Comme si nous avions besoin dorénavant d’un courant ou d’une mode pour réfléchir à notre place et infléchir nos habitudes !
J’aime ma grand-mère toute l’année et pas seulement le jour choisi des pâtissiers, pour garnir leurs gâteaux des symboles de la vieillesse.
Quant à manger de la viande ou pas, c’est une hygiène de vie qui appartient à chacun. Faut-il rappeler que nous sommes des omnivores et que manger de la viande, nous est aussi naturel que boire de l’eau ?
Mais, il n’y a pas que cela. Le sport est un grand consommateur d’idées préconçues et d’idées suggérées par le commerce et l’industrie.
Du marathon JO, des 20 kilomètres de Bruxelles aux 10 miles d’Anvers, la compett est à la portée de tous ceux qui se veulent « modernes » et dans le vent. Dans certains bureaux, surtout dans les Start-up, c’est très mal vu de préférer les pantoufles et les mots croisés pendant ses heures de loisir, au « plaisir » de se bouger les fesses sur un terrain de sport.
Aveu de la fourmilière, les manifestations de masse de ce type ont une influence positive et durable. Quand on fait du sport, on boit moins. On s’abstrait aussi de trop réfléchir à la condition humaine.

002acs.JPG

Comment en est-on arrivé à perdre à ce point toute raison et toute force de caractère au point d’avoir besoin d’un dérivatif suggéré par les coachs sociaux, pour ne pas boire avec excès et se jeter aux heures matinales sur les trottoirs, à courir, quand on n’en a pas envie ?
La réponse est dans la violence et dans la contrainte sociale qui nous poussent dans un moule et nous façonnent bons travailleurs, disciplinés et obéissants, toutes qualités requises dans un monde tout à fait orienté vers et pour le travail, sauf que cet effort ne poursuit aucun but transcendant. Il se réduit à une « réussite » personnelle, aléatoire pour tout le monde et bénéfique à quelques exceptions.

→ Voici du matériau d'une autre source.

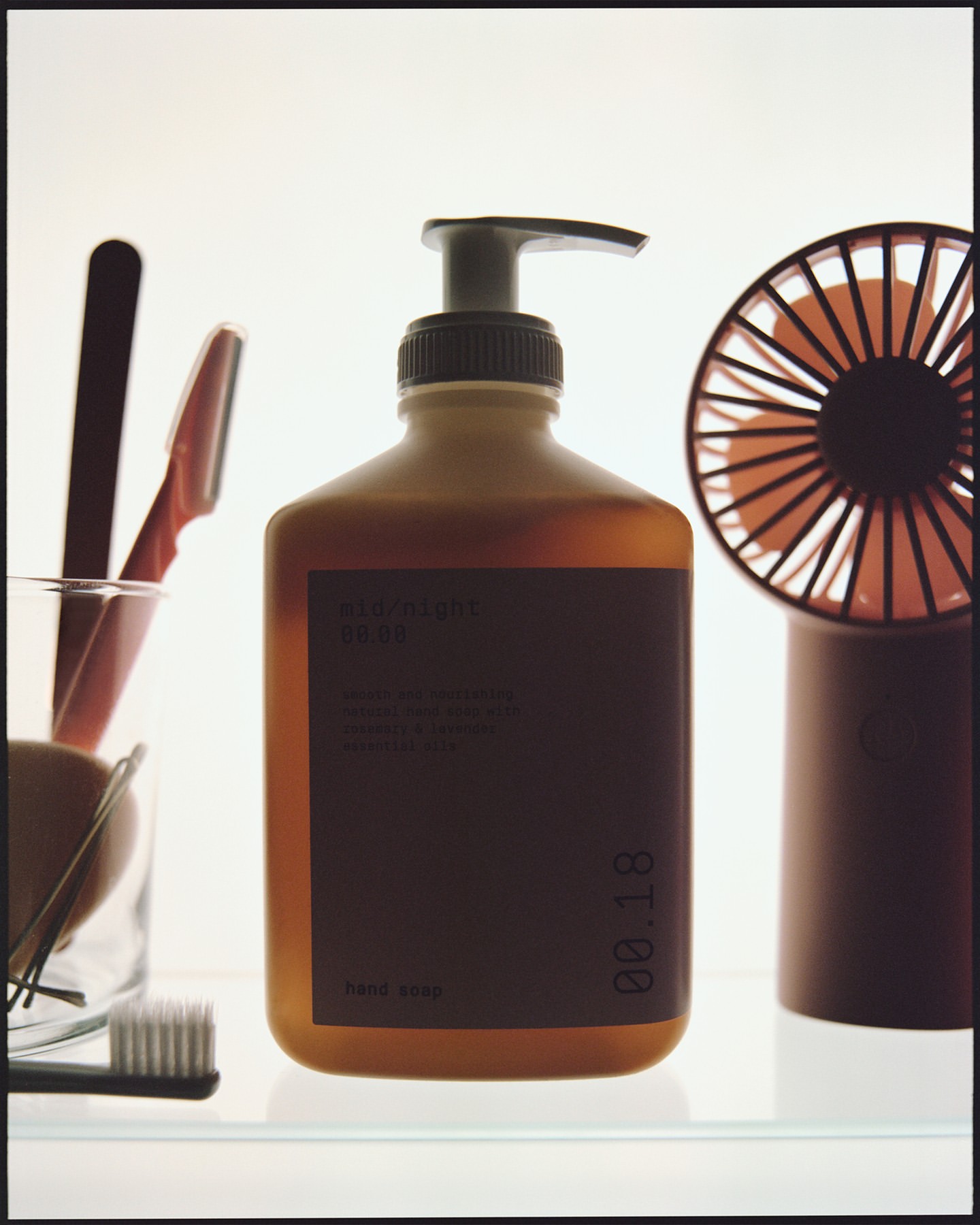 Close-up of an amber glass soap dispenser with a black label alongside a small fan and toiletries against a bright white background.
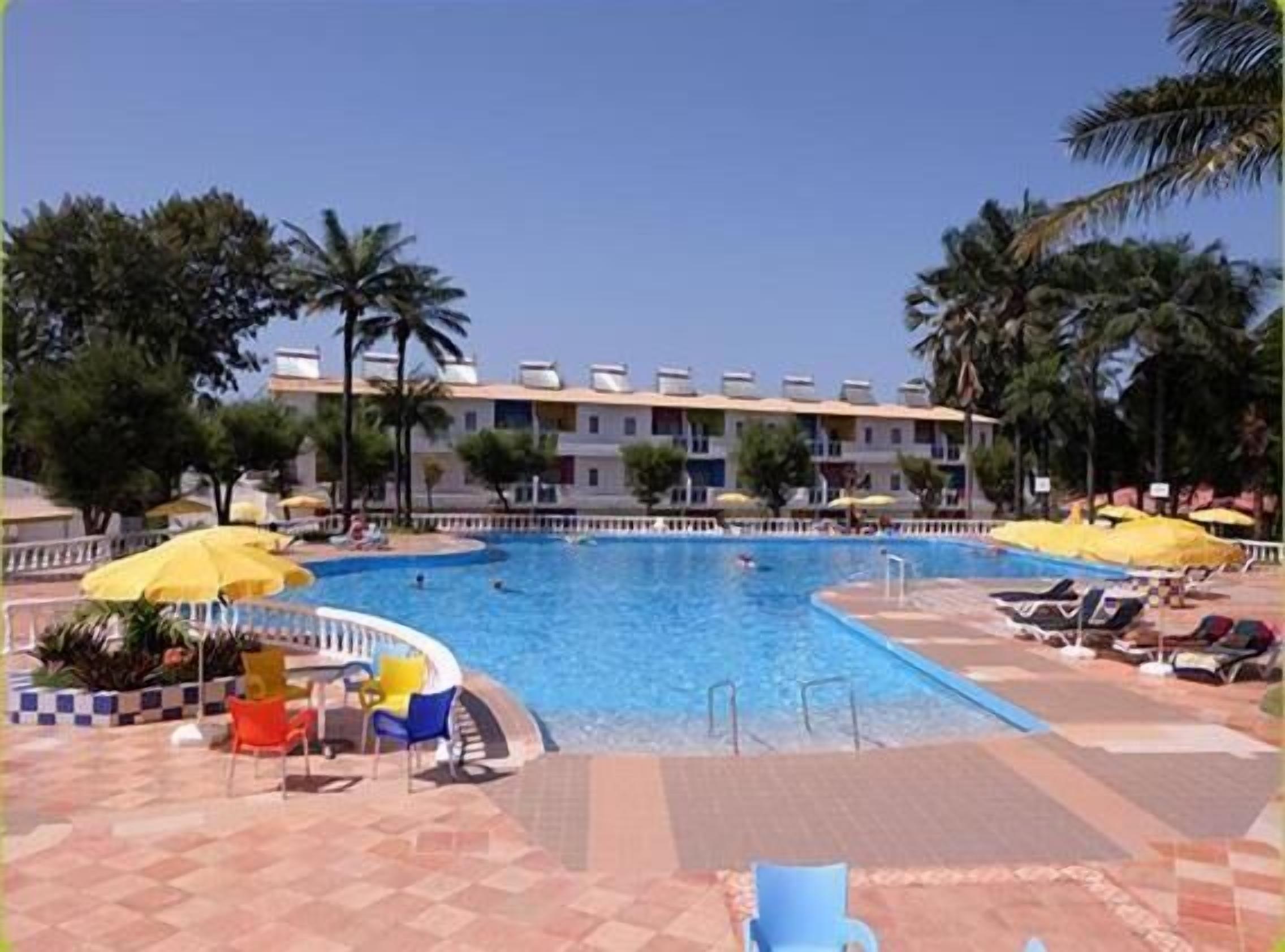 Una piscina con sillas de descanso y sombrillas, rodeada de palmeras y un edificio con varios balcones.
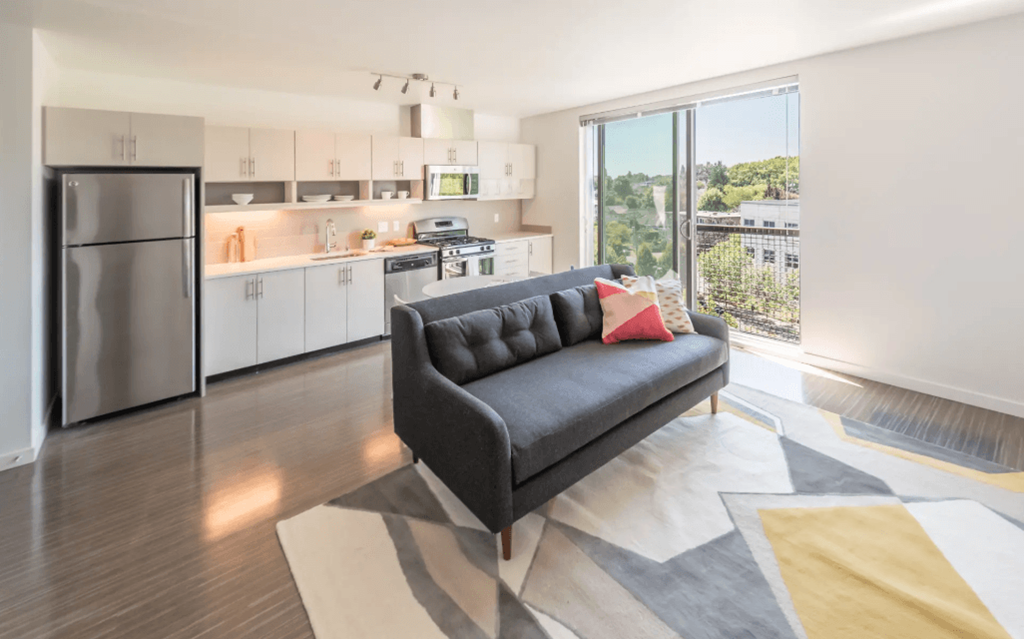 a couch in a living room with a kitchen in the background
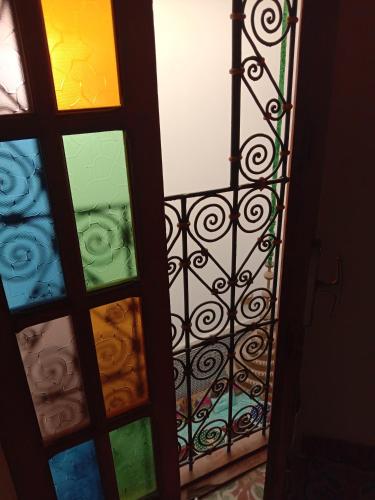 a door with a colorful glass and a gate at Riad Fes Touria Palace in Fès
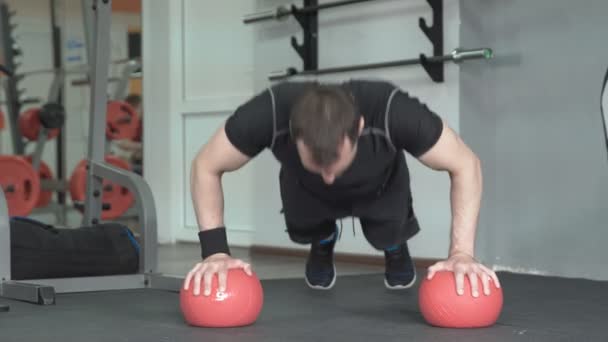 Fitness man doing push-ups exercise on the ball in gym — Stock Video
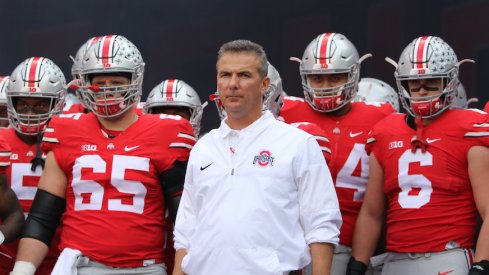 Urban Meyer and two players he redshirted.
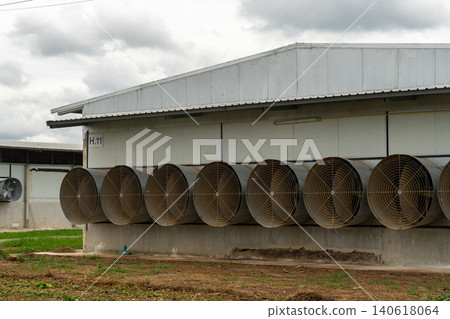Industrial Ventilation Fans on Modern Poultry Farm Building Exterior 140618064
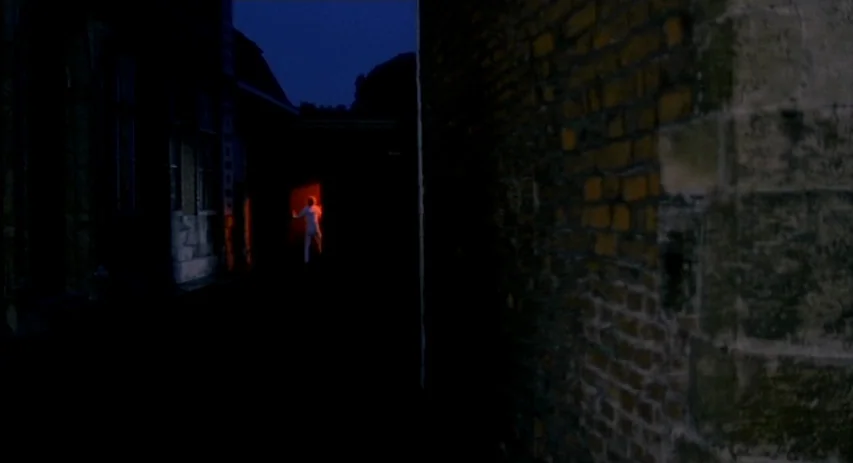Malpertuis (1971) movie still: wide — A dark, narrow outdoor passageway is flanked by high stone and brick walls at night. A person in a light suit…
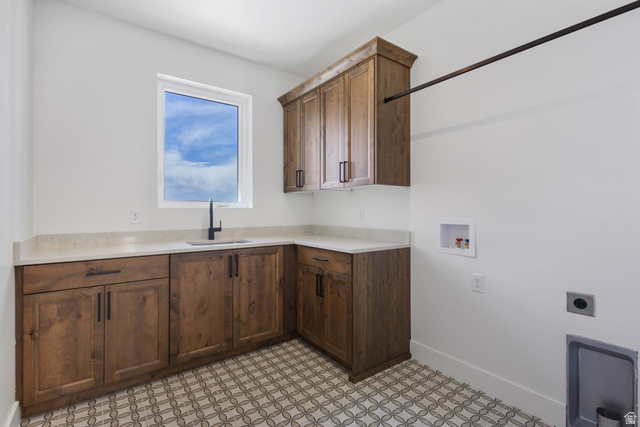 692 East Mountain Road North Ogden, UT 84414 - Photo 14 of 17 Laundry area featuring wood cabinetry, light-toned countertops, a matte black faucet, and patterned floor tiles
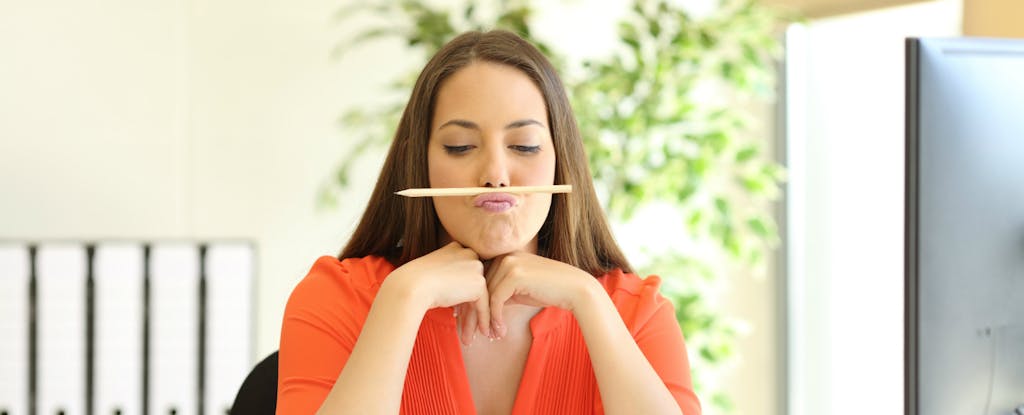 Young woman balancing a pencil on her upper lip while wondering, "Will a balance transfer hurt my credit score?"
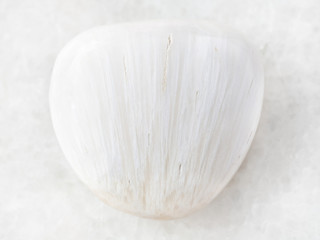 tumbled Scolecite gemstone on white marble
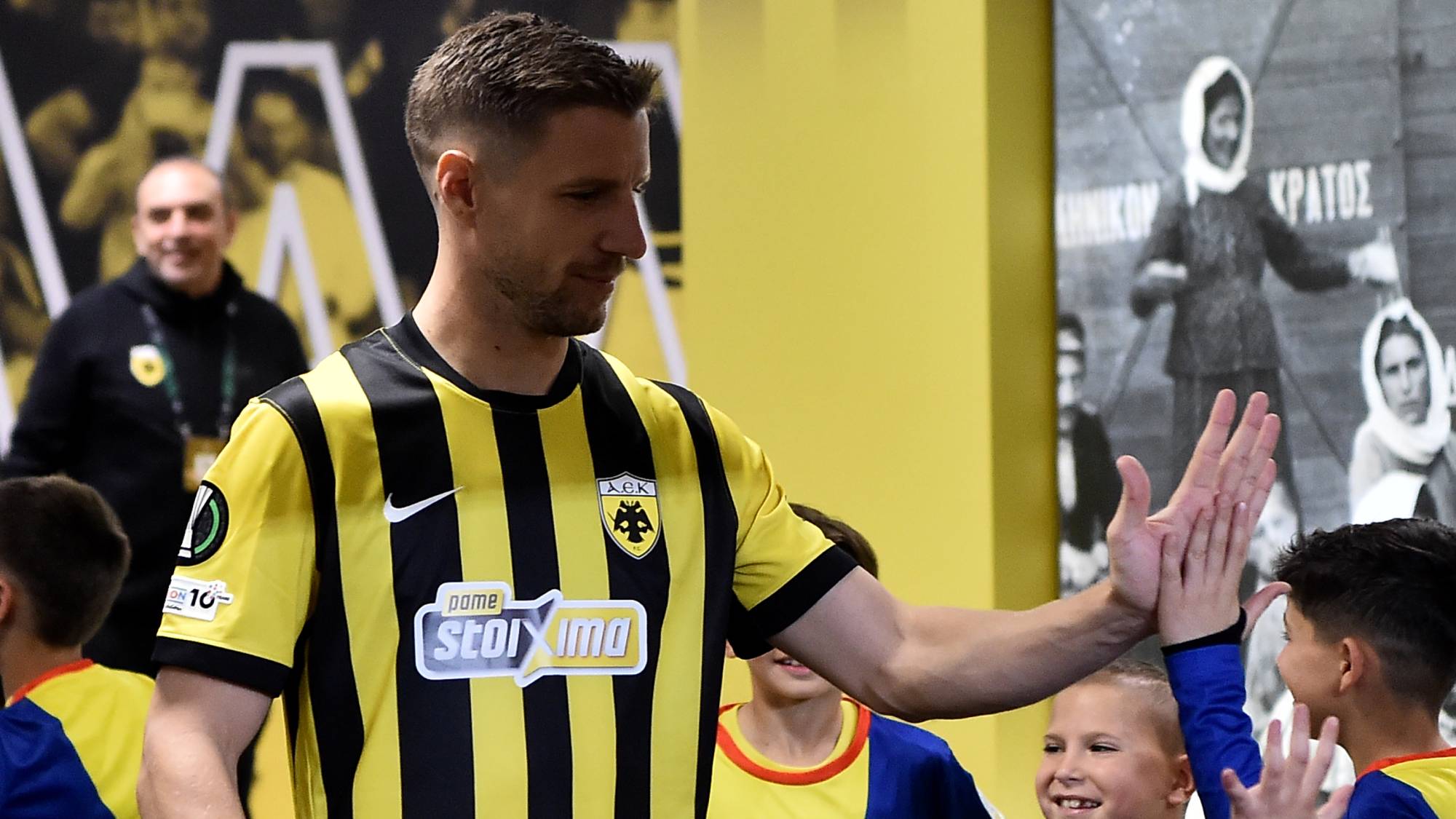 ATHENS, GREECE - APRIL 16: Barnabás Varga of AEK Athens high fives mascots in the tunnel prior to the UEFA Conference League 2025/26 Quarter-Final Leg Two match between PAE AEK and Rayo Vallecano de Madrid at Agia Sophia Stadium on April 16, 2026 in Athens, Greece. (Photo by Milos Bicanski - UEFA/UEFA via Getty Images)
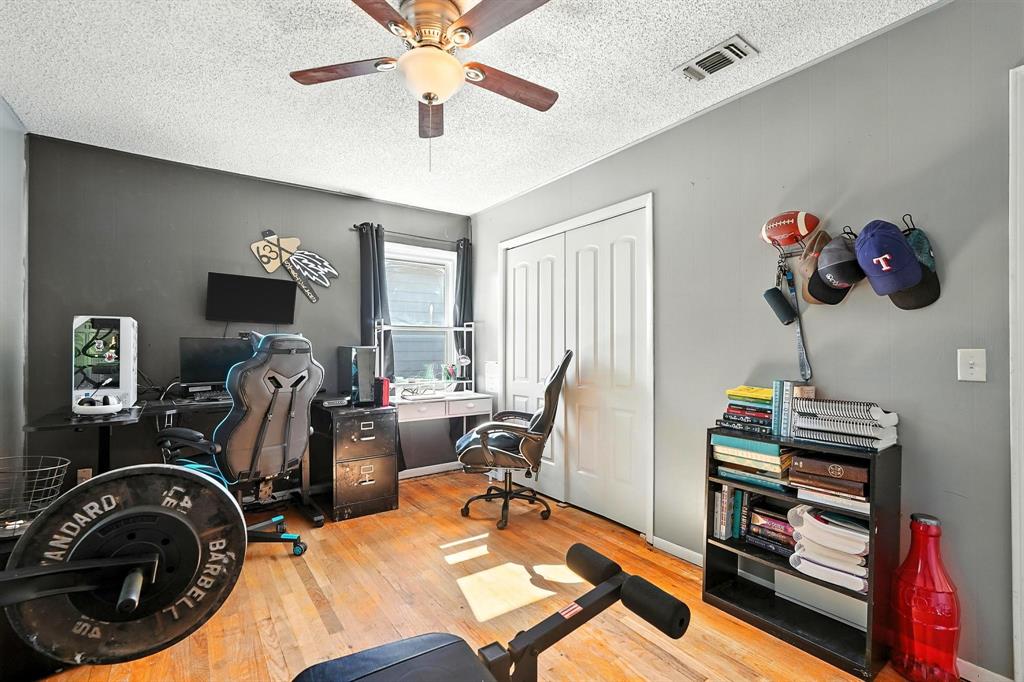1017 Northwest 2nd Street Hamlin, TX 79520 - Photo 9 of 29 a view of a workspace with furniture and a window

Alors, on boit, on fume, on se drogue, on s’abrutit dans toute sorte de jeux violents, et même on fait du sport, pour oublier sa condition misérable et sans issue, un peu comme on le faisait avant – rien de nouveau sous le soleil – sauf que le progrès va dans toutes les directions, y compris dans l’art de se désennuyer de la « sale » vie, c’est-à-dire qu’il est beaucoup plus efficace aujourd’hui qu’il ne l’était au temps de la Grèce Antique, quand on en était aux grains l’ellébore pour oublier sa condition d’esclave.
Nous poursuivons une chimère à boire sec ou en sirotant des boissons non alcoolisées. Assez bizarrement la débauche et l’ascétisme sont les ornements conjoints qui s’opposent à l’ataraxie du philosophe (tranquillité de l’esprit).
Notre mal être, même si nous le percevons dans notre chair, ne vient pas que de notre nature mélancolique. Il tient pour l’essentiel dans la manière dont nous appréhendons le progrès. Celui-ci nous échappe. Nous n’en sommes plus les maîtres. D’autres le sont pour nous.
La fête des grands-mères, dans toute son innocence et même dans ses meilleures intentions, fait partie d’un ensemble, dont le poids finira par ensevelir notre civilisation sous ses décombres.